A NIR analysis was performed to search for specific regions able to provide insights into the outcomes of the sensory analysis. Unfortunately, it was not possible to analyze Fiano Vb1 + S21 and Falanghina VB1 + 18-2007 wines. However, Fiano VB1 + 18-2007IOC and FalanghinaVB1 + S21 were included as the other two wines of the same variety exhibited similar levels of appreciation in the sensory testing. A spectroscopic data scatter correction, the Standard Normal Variate (SNV) was applied to the NIR data [58]. APCA plot with NIR spectra as variables allowed the selection of the wave numbers that contributed more to the differentiation of the wines, as illustrated in Figure 6. In the plot the PC1 axis is the most important for the differentiation, accounting for 90.3% of the variance. The wines are not grouped by the perceived pleasantness nor by the grape variety. Since CO₂ absorbs in the NIR range, the dissolved gas was removed through sonication in cold water. Ice was added to the water bath to keep the temperature low and prevent heating of the samples. It is possible to hypothesize that the absence of clustering observed in the PCA could be attributed to the removal of CO₂. Indeed, the presence of CO₂ plays an important role in the perceived pleasantness of the wines analyzed.

In order to better understand the placement of wines in the plot, the wavenumbers with the highest weight on PC1 and PC2 (72 negative and 32 positive values) were selected and were used to build a correlation plot (Pearson correlation) with the sensory outcome (Figure 7). Through the correlation values, it is clearly visible the contribution of specific wavenumbers to selected sensory parameters. The 7324–5292 cm⁻¹ range was positively correlated with astringency, a parameter associated with the presence of tannins or procyanidins. These molecules show a broad variety of complex structures [32]. The wavelengths around 7000 cm⁻¹ and 5300 cm⁻¹ correspond to the first overtones of COH groups, the first overtones of CH₂ and CH₃ groups, all functional groups compatible with tannins structure [54].

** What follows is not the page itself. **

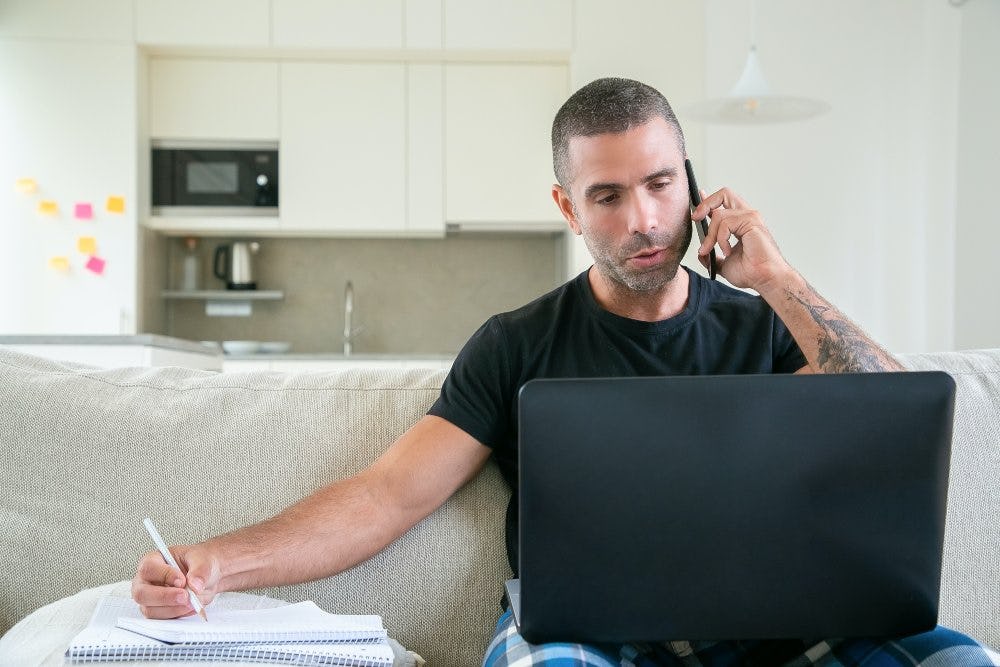 hombre hablando por celular y mirando al computador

The 5292, 5288, 5116, 4940, 4936, 4172, 4144, 4140, and 4116 cm⁻¹ wave numbers that are associated with the first overtones of CH₂ and CH₃ groups, and COH combination (stretching and bending) vibrations [54], were highly negatively correlated with balsamic. A few wavelengths were highly correlated with several parameters: 5292, 5160, 4256, 4172, and less 4940, 4128, and 4124 cm⁻¹, which, again, can be attributed to the vibration of several chemical groups. Attributing specific NIR peaks to individual molecules is not straightforward, and this attribution can sometimes be misleading. The peaks that differentiate the samples may be associated with the vibrations of molecular bonds in compounds that are not directly linked to the measured parameters. Instead, these peaks could result from interactions with surrounding compounds. Unfortunately, the limited number of samples available makes it impossible to conduct a reliable prediction or classification analysis.

4. Conclusions

In this work, novel sparkling wines using native grape varieties typically used for white wine production, in combination with native yeasts were produced and analyzed. Novel product acceptance was tested showing how two varieties, Fiano and Falanghina, produced sparkling wines well appreciated with pleasant floral and white fruit notes. In contrast, wines primarily characterized by flavors of ripe fruits and balsamic notes did not receive as much appreciation. Visual characteristics, such as color, size, and the persistence of CO₂ bubbles, also contributed to the positive evaluation of the wines. Unfortunately, the native yeast strains tested did not show significant differences compared to commercial yeasts in terms of the variety of volatile compounds produced; instead, they mainly affected the relative amounts of specific VOCs. This work shows how the use of classic grape varieties in combination with native yeasts allows for the creation of various alcoholic products that retain a recognizable identity while being more in tune with evolving purchasing trends.

Supplementary Materials

The following supporting information can be downloaded at https://www.mdpi.com/article/10.3390/beverages11010025/s1, Table S1: Aroma compounds identified in the sparkling wines with their odor activity value (OAV), odor perception threshold (OPT), and odor descriptor [59,60,61,62,63,64,65,66,67].

Author Contributions

Conceptualization, T.B. and M.F.C.; data curation, T.B., G.D. and F.M.; formal analysis, G.D., F.M., A.D.M. and L.S.; project administration, M.F.C.; software, T.B.; supervision, M.F.C.; writing—original draft, T.B.; writing—review and editing, G.D., F.M. and M.F.C. All authors have read and agreed to the published version of the manuscript.

Funding

This research was funded by Spumantizzazione E Frizzantaturadeivini Pugliesi, SPUMAPULIA-P.S.R. Puglia 2014/2020, Misura 16-Cooperazione, Sottomisura 16.2. D.A.G. n°194 12 September 2018, published in BURP n°121 20 September 2018.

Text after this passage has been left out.